Day 1 began with a warm welcome from Dr. Elizabeth Pratt, Vice President, Academic Affairs (and BSILI 2019!) and Mr. Roland Montemayor, Acting President of San Jose City College.  We were thrilled that Dr. Byron D. Clift Breland, Chancellor of San Jose Evergreen Community College District attended and spoke of his journey as a first-generation community college student and an equity-minded educator.

After setting goals for the day, participants worked together to read and discuss the Brave Space text set, which challenges the notion of “safe spaces” in diversity and social justice dialogues, emphasizing “the need for courage rather than the illusion of safety.” We used this paradigm to create community agreements for the institute, explicitly welcoming the risk-taking and discomfort that would be necessary to come together as learners around issues of equity. Many participants noted how the Brave Space paradigm could be applied at their home campuses to create more meaningful conditions for learning in classrooms, meetings, and professional development settings. 

The morning continued with practicing two other embodied actions for equity: serial testimony and the Critical Friends protocol. Both of these protocols structure group conversations so that everyone in the group has opportunities to speak and listen equally. First, we reflected on our own experiences as insiders and outsiders in school through serial testimony. Then, we shared one problem we were experiencing in our work and received feedback from the group through the Critical Friends protocol. At the end of the morning, we reflected on how these conversation protocols might be useful in our work as educators on our home campuses.

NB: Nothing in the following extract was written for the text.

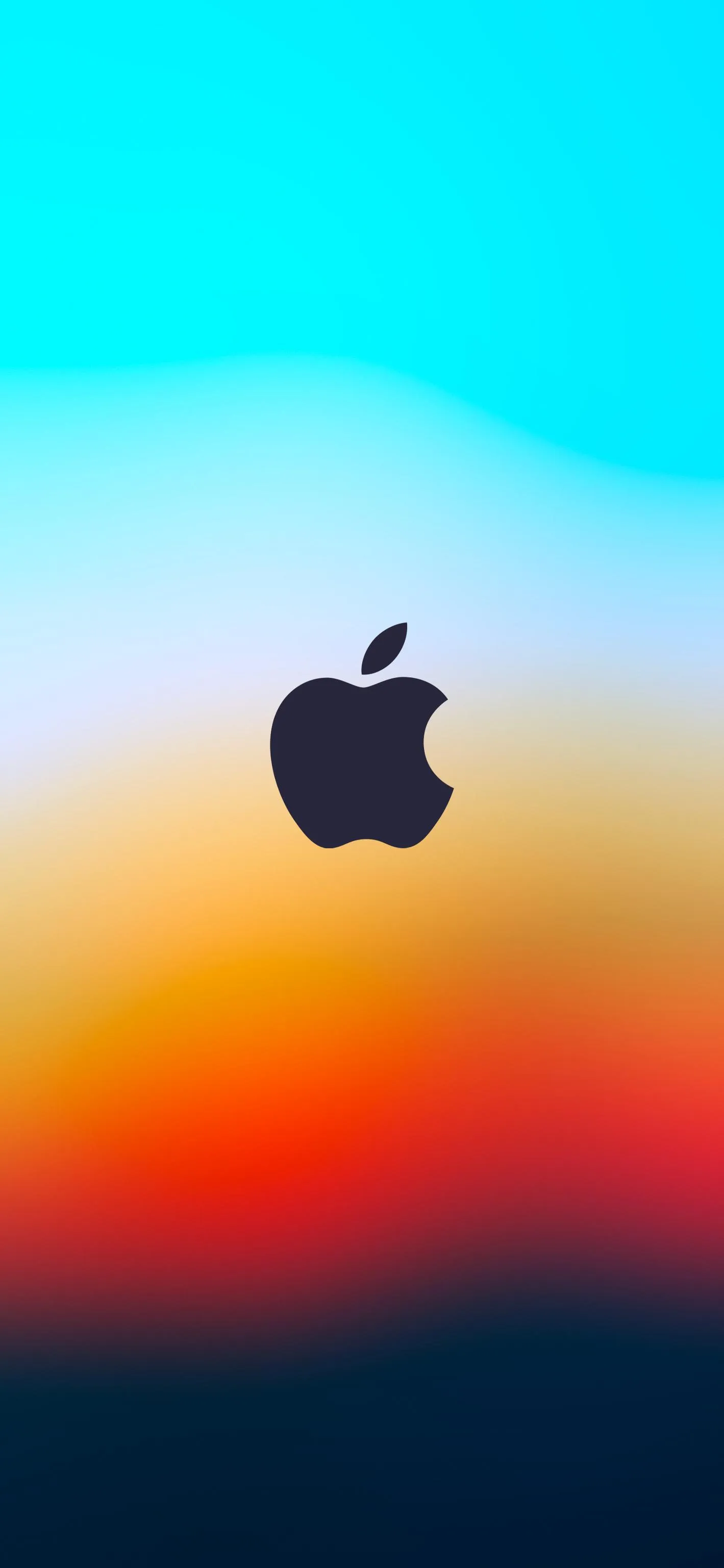 Apple Logo Gradient Sunset Inspired Phone Wallpaper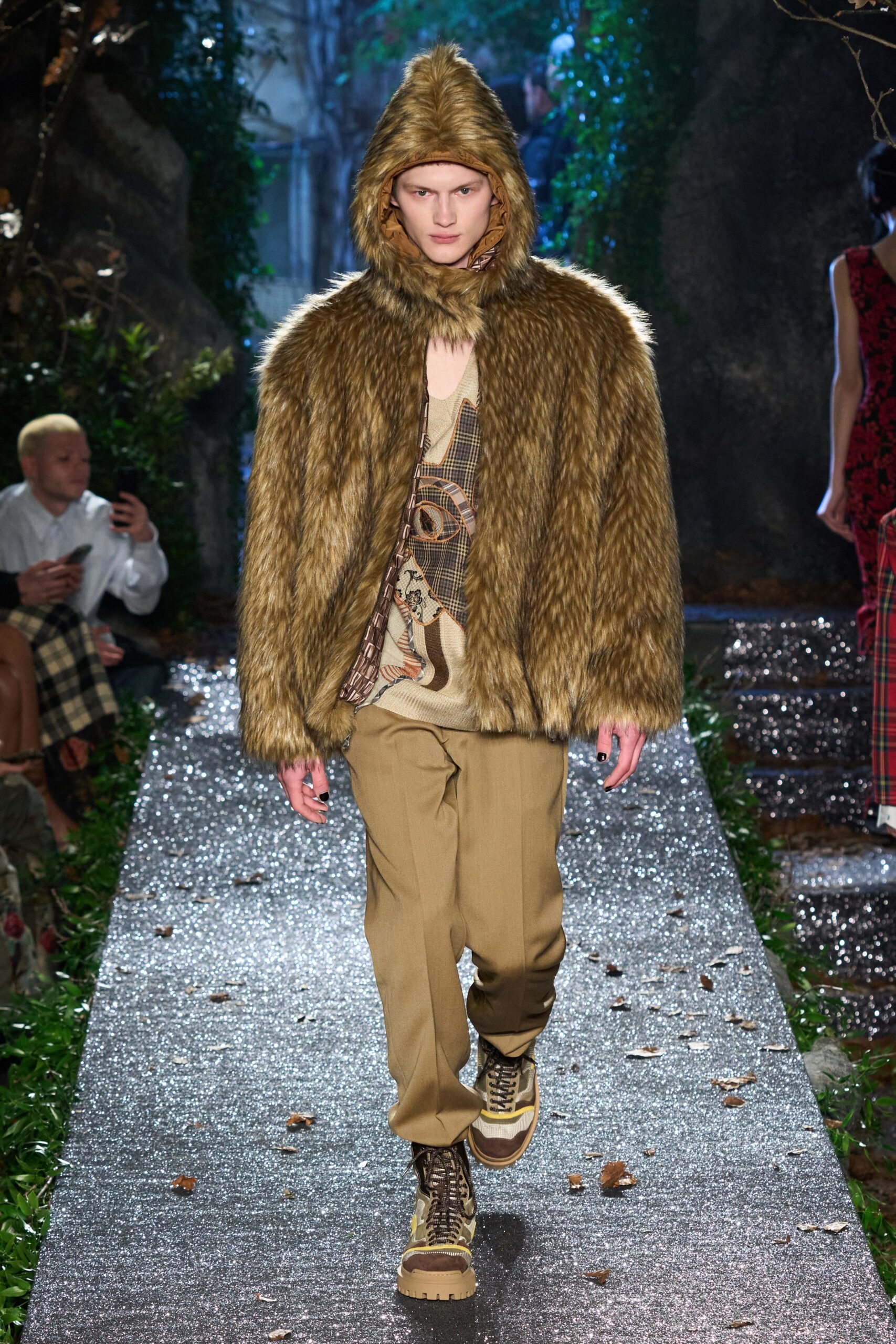 brown faux-fur coat with printed top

Day 1 concluded with an activity designed to prepare us for the night’s homework reading. It can be intimidating for colleagues and students alike to tackle challenging readings like Ibram X Kendi’s “This is what an antiracist America would look like. How do we get there?” and Robin DiAngelo’s “White Fragility.” So instead of sending us home with the assignment to read on our own, the facilitators engaged us to read excerpts from just one of the assigned texts and to respond to specific passages with a gallery walk activity. This gave everyone a preview of some key terms and concepts as well as questions and insights to help guide our independent reading.

Day 2 began with some time to review the readings and to find “strong lines” that brought up questions or insights for us. We shared those and engaged in a silent dialogue through a write-around activity. It was an opportunity for all involved to reflect on what it means to be anti-racist and how to process and overcome white fragility, both in our personal lives and as educators. 

The heart of Day 2 was a Theatre of the Oppressed activity that challenged the group to really consider the roles we can play in enacting equity. Participants formed scenes with their bodies and then observers interpreted and altered the scenes. One powerful scene about sexual harassment in the workplace inspired over half of the group to stand up and enter the scene. After this activity, many participants shared that they were inspired to find opportunities to listen, witness, stand up, and act to achieve more equitable living and working spaces. 

As the institute came to a close, the group reflected on the courage and connection that allowed transformational learning to take place. Relationships were built, intentions were set, and we were inspired to push forward as we find our way to equity. 

Many thanks to the amazing NorCal Equity Institute planning team, particularly our BSILI 2019 colleagues, for all you did to make this event a success!